Total existing-home sales are completed transactions that include single-family homes, townhomes, condominiums and co-ops.
However, despite the decrease, NAR said that existing-home sales in October were at a healthy pace but failed to keep up with September's jump. And despite last month's decline, sales are still 3.9% above a year ago (5.16 million).
In September, total existing-home sales increased 4.7% to a seasonally adjusted annual rate of 5.55 million in September from a slightly downwardly revised 5.30 million in August, and are now 8.8% above a year ago.
Lawrence Yun, NAR chief economist, said a sales cooldown in October was likely given the pullback in contract signings the last couple of months.

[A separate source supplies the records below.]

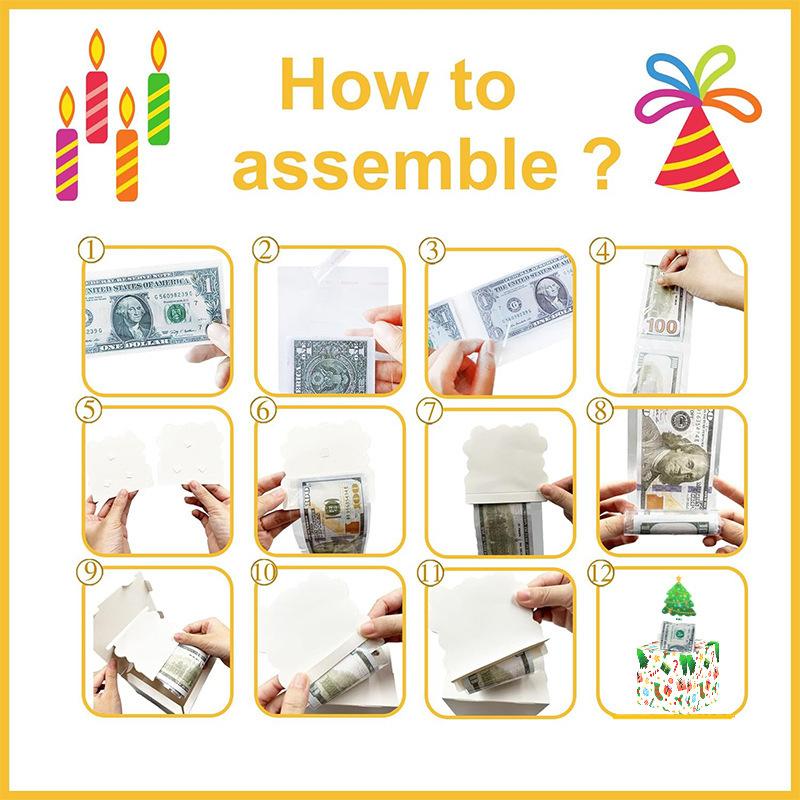 1PC Festive Layered Candy Box with Wrapping Paper Paper  Box 13.5x13x11cm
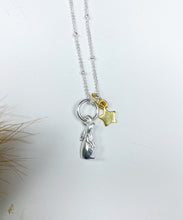 Handmade Celestial Star Gazing Hare Satellite Necklace - Silver rabbit with gold star.  My beautiful Celestial Star Gazing Hare necklace was made by myself as I love all things celestial and I absolutely love natural gemstones and crystal.   sterling silver with 18" gold plated necklace.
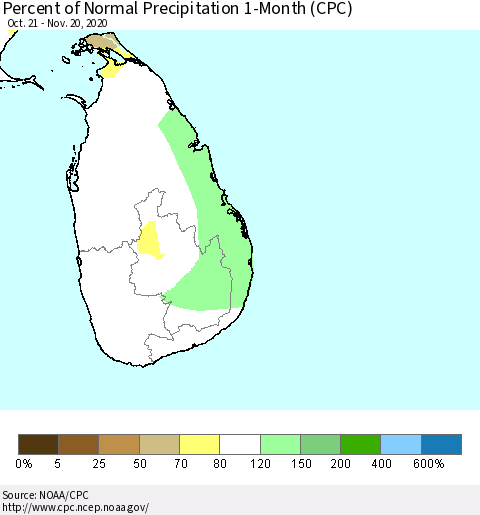 Sri Lanka Percent of Normal Precipitation 1-Month (CPC) Thematic Map For 10/21/2020 - 11/20/2020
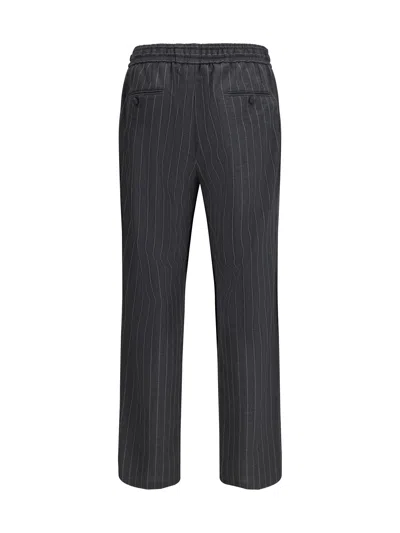 Dolce & Gabbana Stripe-pattern Drawstring Trousers In Black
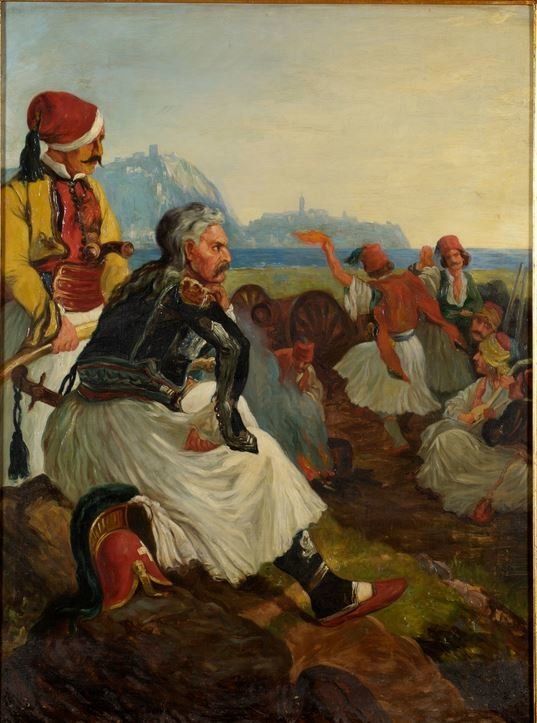 Άγνωστος (τέλος 19ου - αρχές 20ού αιώνα). Ο Κολοκοτρώνης συγκεντρώνει στο στρατόπεδο της Λέρνας τους νικητές του Δράμαλη (αντίγραφο ελαιογραφικού σκίτσου από τον κύκλο έργων με θέμα τον Αγώνα της Ανεξαρτησίας του 1821 του Peter von Hess, 1839). Λάδι σε μουσαμά, 83,3 x 61,5 εκ. © Συλλογή Εθνικής Τράπεζας της Ελλάδος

"New and existing-home supply has struggled to improve so far this fall, leading to few choices for buyers and no easement of the ongoing affordability concerns still prevalent in some markets," he said.

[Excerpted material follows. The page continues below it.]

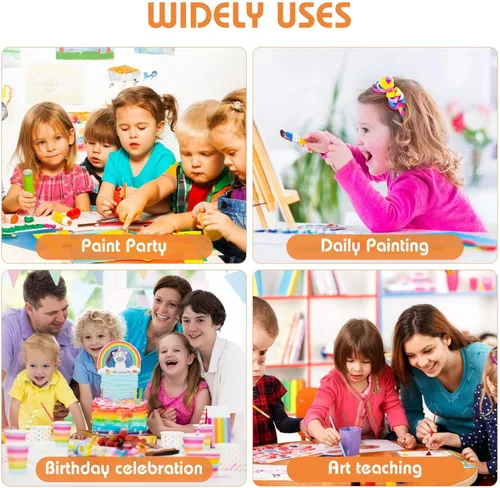 Miniatura 5 de Ipetboom Juego de 12 caballetes de madera con mini lienzo para pintura al óleo para niños y niñas, suministros de arte, soportes de pintura multiusos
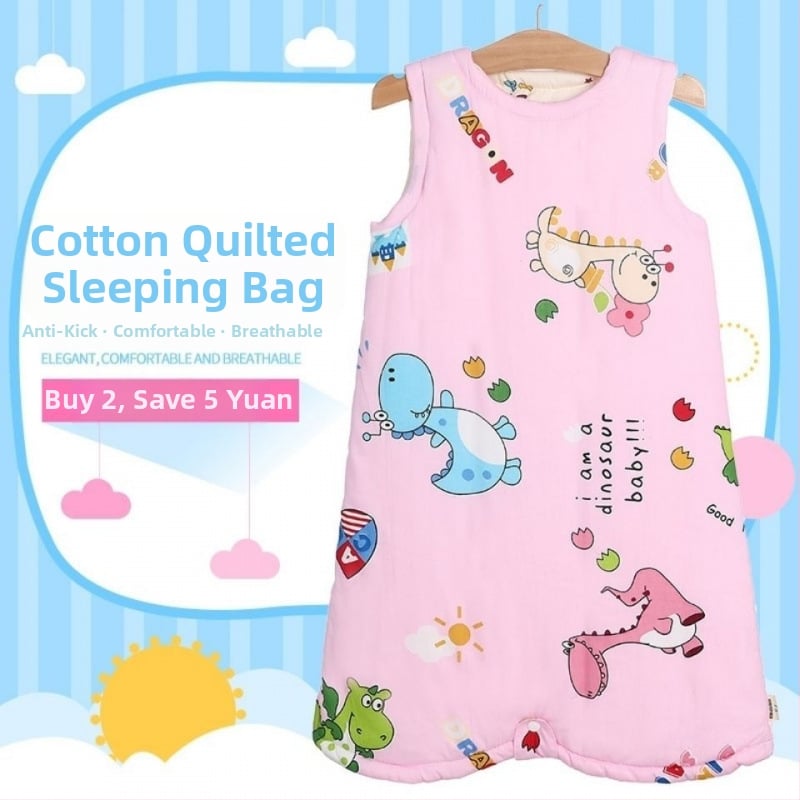 Beebi magamiskott 100% puuvillast, ilma varrukateta, sügisel-talvel kasutamiseks, unisex, anti-kick tekk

"Furthermore, the mixed signals of slowing economic growth and volatility in the financial markets slightly tempered demand and contributed to the decreasing pace of sales," Yun said.

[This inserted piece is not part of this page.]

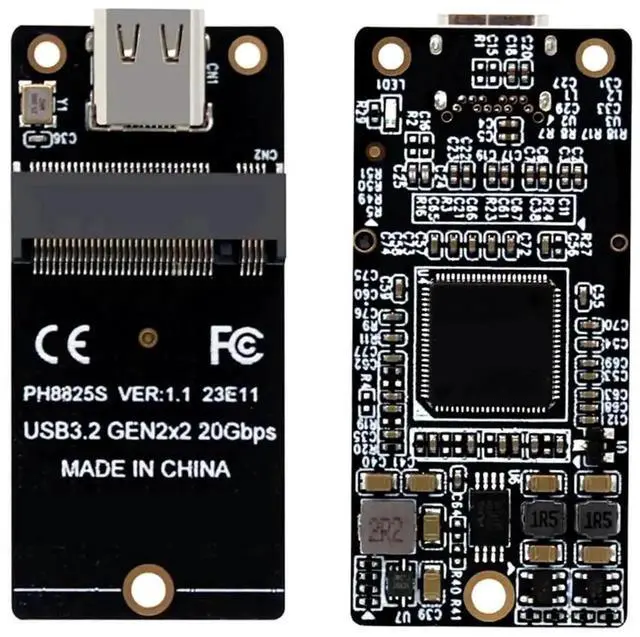 Main image of M.2 NVMe to Type-C Riser Adapter Board, USB3.2 Gen2x2 20Gbps (Up to 2000MB/s) ASM2364 Controller, Compatible with 2230/2242/2260/2280 M.2 SSD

The median existing-home price for all housing types in October jumped to $219,600, increasing 5.8% above October 2014 ($207,500). This marked the 44th consecutive month of year-over-year gains.
Total housing inventory at the end of October marginally decreased, falling 2.3% to 2.14 million existing homes available for sale. This is 4.5% lower than a year ago (2.24 million). Unsold inventory is at a 4.8-month supply at the current sales pace, up from 4.7 months in September.
Additionally, the percent share of first-time buyers slightly increased to 31% in October, up from 29% both in September and a year ago.
On the cash sales side, Yun said, "All-cash and investor sales are still somewhat elevated historically despite the diminishing number of distressed properties. With supply already meager at the lower-end of the price range, competition from these buyers only adds to the list of obstacles in the path for first-time buyers trying to reach the market."
All-cash sales were 24% of transactions in October (unchanged from September) and are down from 27% a year ago.
Distressed sales – foreclosures and short sales – dipped to 6% in October: the lowest since NAR began tracking in October 2008.
Broken up across the country, existing-home sales in the Northeast were at an annual rate of 760,000, unchanged from September and 8.6% above a year ago. The median price in the Northeast increased slight from a year ago, rising 1.3% from 2014 to $248,900.
In the Midwest, existing-home sales declined 0.8% to an annual rate of 1.30 million in October, but are 8.3% above October 2014. The median price in the Midwest jumped 5.7% from a year ago to $172,300.
Existing-home sales in the South decreased 3.2% to an annual rate of 2.14 million in October, but are still 0.5% above October 2014. The median price in the South was $188,800, up 6.2% from a year ago.
Existing-home sales in the West fell 8.7% to an annual rate of 1.16 million in October, but are still 2.7% above a year ago. The median price in the West was $319,000, which is 8.0% above October 2014.